Hi we are probably going to a show in Manchester in mid October, I can find sites to stay at ok, but they are all 10-12 miles away, just wondered if anybody knew of a pub in Manchester that would let us stay over the weekend?

Don't mind joining Britstops or Motorhomestopover etc. if they have one, but its got to be inside the M60 ring.

Ian


----------



## teemyob (Nov 22, 2005)

*Winnie*

If you were in something smaller, you could have used our drive.

I will have a think and ask around for you.

TM


----------



## dragabed (May 24, 2008)

*http://www.motorhomefacts.com/ftopic-reply-112106.html*

try great jackson st car park 
have stayed a couple of weekends last year


----------



## tonka (Apr 24, 2006)

I am sure that I remember reading a post on here a long time back about a car park very close to the MEN arena..
Some van owners had stayed overnight after going to shows there.

Google shows Great ducie st and "boddingtons carpark"...

Not sure if this is any help.. :?


----------



## teemyob (Nov 22, 2005)

*Mentioned*



tonka said:


> I am sure that I remember reading a post on here a long time back about a car park very close to the MEN arena..
> Some van owners had stayed overnight after going to shows there.
> 
> Google shows Great ducie st and "boddingtons carpark"...
> ...


I mentioned that last time but got no feedback.
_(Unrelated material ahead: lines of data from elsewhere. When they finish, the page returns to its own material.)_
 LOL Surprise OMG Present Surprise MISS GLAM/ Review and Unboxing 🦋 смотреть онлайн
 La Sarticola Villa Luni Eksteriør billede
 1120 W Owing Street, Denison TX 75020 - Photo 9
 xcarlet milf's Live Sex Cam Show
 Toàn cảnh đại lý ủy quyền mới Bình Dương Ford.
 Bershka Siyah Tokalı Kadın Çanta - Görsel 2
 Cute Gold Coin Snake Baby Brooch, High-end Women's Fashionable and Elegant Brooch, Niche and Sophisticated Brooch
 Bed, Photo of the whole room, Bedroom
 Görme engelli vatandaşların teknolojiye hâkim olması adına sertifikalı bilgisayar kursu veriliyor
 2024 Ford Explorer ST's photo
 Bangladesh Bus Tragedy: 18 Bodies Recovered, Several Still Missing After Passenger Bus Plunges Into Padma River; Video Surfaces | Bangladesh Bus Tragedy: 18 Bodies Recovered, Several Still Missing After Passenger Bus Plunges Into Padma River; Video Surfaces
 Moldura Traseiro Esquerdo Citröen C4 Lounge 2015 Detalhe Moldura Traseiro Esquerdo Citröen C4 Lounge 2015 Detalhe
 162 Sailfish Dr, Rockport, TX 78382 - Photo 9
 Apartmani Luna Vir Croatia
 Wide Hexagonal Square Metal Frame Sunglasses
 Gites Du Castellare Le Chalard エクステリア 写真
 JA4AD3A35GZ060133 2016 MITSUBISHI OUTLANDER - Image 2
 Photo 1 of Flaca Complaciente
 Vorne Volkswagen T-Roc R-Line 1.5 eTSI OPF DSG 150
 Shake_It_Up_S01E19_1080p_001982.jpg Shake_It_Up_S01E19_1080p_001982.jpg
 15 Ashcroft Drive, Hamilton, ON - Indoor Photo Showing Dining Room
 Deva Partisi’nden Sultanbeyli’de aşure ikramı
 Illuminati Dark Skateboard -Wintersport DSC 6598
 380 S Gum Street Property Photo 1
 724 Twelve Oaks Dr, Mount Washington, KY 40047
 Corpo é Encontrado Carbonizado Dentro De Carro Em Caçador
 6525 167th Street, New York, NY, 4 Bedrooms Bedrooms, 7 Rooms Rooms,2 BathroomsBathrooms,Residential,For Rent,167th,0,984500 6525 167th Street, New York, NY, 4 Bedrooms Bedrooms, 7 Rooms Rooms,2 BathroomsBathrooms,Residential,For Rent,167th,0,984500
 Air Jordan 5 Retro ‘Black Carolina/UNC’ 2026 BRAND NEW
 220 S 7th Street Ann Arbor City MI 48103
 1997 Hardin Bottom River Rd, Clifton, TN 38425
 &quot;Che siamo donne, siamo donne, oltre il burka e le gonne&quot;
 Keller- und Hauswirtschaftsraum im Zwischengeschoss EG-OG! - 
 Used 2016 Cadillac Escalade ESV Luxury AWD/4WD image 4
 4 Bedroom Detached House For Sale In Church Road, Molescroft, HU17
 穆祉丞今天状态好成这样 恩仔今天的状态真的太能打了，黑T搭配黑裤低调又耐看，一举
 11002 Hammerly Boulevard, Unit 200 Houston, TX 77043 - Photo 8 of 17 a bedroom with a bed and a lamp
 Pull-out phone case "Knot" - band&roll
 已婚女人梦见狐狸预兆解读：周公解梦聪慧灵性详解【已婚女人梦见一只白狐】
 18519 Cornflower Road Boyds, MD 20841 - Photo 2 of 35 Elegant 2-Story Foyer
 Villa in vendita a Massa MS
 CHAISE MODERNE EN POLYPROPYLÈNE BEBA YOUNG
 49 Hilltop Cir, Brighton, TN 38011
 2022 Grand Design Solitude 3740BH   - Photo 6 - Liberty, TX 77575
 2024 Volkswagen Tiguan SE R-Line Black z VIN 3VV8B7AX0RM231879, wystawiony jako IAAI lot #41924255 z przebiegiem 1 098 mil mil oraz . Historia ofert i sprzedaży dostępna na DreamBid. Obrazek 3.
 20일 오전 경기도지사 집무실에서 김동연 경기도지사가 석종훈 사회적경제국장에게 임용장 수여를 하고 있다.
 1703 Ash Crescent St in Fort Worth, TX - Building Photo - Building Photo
There is another car park closer to the Mancunian way that may be some use.

Medlock Street Car Park (Hulme Street)


----------



## teemyob (Nov 22, 2005)

*Route*

The Carousel  Is on a bus route into Manchester.

It is about 5 miles To Manchester from there.

You could ring and ask could you park your campervan in the car park if you ate in the pub?

TM


----------